Birol, Türkiye Rüzgar Güç Birliği (TÜREB) tarafından internet üzerinden düzenlenen “Rüzgar Gücünün Pandemiye Dayanıklılığının Nedenleri Kovid-19 Sonrası Analizi” toplantısında konuştu.
Milletlerarası Para Fonu (IMF) ile ortak çalışmaları kapsamında sürdürülebilir ekonomik kalkınma planı hazırladıklarını tabir eden Birol, “Hangi güç siyasetleri, hükümetler tarafından kalkınma paketlerine entegre edilmeli ki iktisat büyüsün, işsizlik azalsın ve ziyanlı emisyonların süratli artışı olmasın diye düşündük. Bu bağlamda yenilenebilir güç siyasetleri bilhassa rüzgar ve güneş bölümünün, ekonomik toparlanmaya katkısı olacağını ve emisyonu düşürmeye yardımcı olabileceğini söyleyebiliriz.” diye konuştu.

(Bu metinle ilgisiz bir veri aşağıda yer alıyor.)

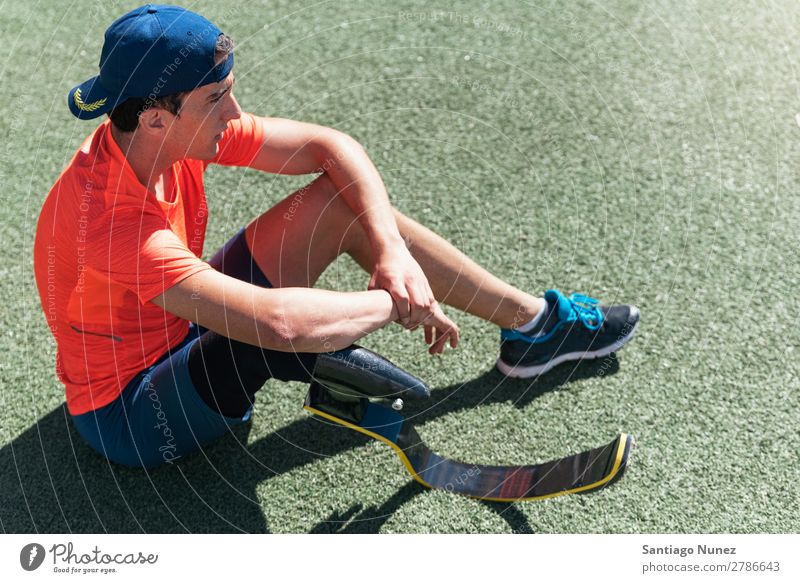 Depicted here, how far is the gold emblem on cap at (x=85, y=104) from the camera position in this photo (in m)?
1.88

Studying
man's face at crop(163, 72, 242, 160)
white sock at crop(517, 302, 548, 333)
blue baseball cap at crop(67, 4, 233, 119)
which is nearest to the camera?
blue baseball cap at crop(67, 4, 233, 119)

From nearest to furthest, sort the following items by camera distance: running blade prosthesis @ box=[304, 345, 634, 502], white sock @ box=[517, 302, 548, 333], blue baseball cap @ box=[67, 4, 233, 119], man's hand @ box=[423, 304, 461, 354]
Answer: blue baseball cap @ box=[67, 4, 233, 119] < running blade prosthesis @ box=[304, 345, 634, 502] < man's hand @ box=[423, 304, 461, 354] < white sock @ box=[517, 302, 548, 333]

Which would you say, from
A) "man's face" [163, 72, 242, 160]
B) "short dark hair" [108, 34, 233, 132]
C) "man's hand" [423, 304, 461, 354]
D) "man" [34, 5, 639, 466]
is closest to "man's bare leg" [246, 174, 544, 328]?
"man" [34, 5, 639, 466]

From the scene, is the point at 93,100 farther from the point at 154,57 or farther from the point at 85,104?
the point at 154,57

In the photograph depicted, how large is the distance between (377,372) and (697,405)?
1005mm

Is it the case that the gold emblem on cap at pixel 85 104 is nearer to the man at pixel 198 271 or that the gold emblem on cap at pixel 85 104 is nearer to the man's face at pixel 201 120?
the man at pixel 198 271

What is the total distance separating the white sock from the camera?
2.51 m

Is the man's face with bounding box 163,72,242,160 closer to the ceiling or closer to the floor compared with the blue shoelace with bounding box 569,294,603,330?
closer to the ceiling

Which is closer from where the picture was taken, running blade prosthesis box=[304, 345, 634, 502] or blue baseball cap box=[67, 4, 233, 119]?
blue baseball cap box=[67, 4, 233, 119]

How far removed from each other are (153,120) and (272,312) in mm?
497

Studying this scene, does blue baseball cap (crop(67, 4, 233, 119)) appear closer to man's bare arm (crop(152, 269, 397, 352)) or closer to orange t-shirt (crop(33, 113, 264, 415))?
orange t-shirt (crop(33, 113, 264, 415))

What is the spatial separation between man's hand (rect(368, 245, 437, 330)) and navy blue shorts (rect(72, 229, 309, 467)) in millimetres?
273

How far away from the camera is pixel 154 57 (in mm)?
1792

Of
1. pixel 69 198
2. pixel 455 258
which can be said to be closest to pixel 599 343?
pixel 455 258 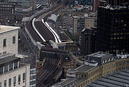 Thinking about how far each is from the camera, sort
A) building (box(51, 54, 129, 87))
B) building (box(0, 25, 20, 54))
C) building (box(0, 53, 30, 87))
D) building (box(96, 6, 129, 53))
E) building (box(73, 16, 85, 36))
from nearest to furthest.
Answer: building (box(0, 53, 30, 87)) → building (box(0, 25, 20, 54)) → building (box(51, 54, 129, 87)) → building (box(96, 6, 129, 53)) → building (box(73, 16, 85, 36))

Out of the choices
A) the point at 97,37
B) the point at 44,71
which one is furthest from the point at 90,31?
the point at 44,71

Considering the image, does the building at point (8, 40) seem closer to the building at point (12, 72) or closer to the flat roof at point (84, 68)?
the building at point (12, 72)

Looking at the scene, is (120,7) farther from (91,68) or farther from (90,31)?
(91,68)

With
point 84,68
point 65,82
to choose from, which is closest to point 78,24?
point 84,68

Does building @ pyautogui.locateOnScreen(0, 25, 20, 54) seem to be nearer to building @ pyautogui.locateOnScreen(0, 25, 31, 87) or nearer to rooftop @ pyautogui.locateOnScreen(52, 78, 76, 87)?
building @ pyautogui.locateOnScreen(0, 25, 31, 87)

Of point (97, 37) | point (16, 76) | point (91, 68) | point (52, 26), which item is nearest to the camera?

Birol, elektrik bölümünün salgından çok olumsuz etkilendiğini lakin elektrikte yeni yeni üst taraflı bir hareketlenme görüldüğünü vurgulayarak, kelamlarını şöyle sürdürdü:
“Özellikle yenilenebilir güç bütün bu kara tablo içerisinde ışıltılı nispeten iyi bir nokta. Güç bölümünde bütün yakıtların kullanımında düşme görürken, yenilenebilir güç muhakkak bir direnç gösterdi. Hafif de olsa kullanımında, üretiminde ve genel olarak kesimde artış görüyoruz. 2008’de yaşanan global finansal krizin yarattığı dünya güç tüketimi ile karşılaştırıldığında, salgın devrinde elektrik tüketiminin 7 kat daha düştüğünü gözledik. Dünyadaki hükümetlerin en büyük baş ağrısı öncelikle sıhhat ve iktisat. Bunun için çaba eden ülkelerin ağustos prestijiyle ekonomik toparlanma paketleri 9,5 trilyon dolara vardı. Yıl sonu prestijiyle 20 trilyon dolara ulaşacağını düşünüyoruz.”
– “Salgına karşın rüzgar santralleri çalıştı”
Avrupa Rüzgar Gücü Birliği WindEurope Üst Yöneticisi Giles Dickson da “Yıl başından bu yana rüzgar santralleri salgına karşın çalışmalarına devam etti ve elektrik üretimini gerçekleştirdi.” diye konuştu.
Dickson ayrıyeten, rüzgar gücü dalında birtakım problemler yaşansa da, bu yıl sonu prestijiyle Avrupa’da Türkiye’nin de dahil olduğu bir çok ülkenin yeni kurulumlar gerçekleştireceğini söz etti.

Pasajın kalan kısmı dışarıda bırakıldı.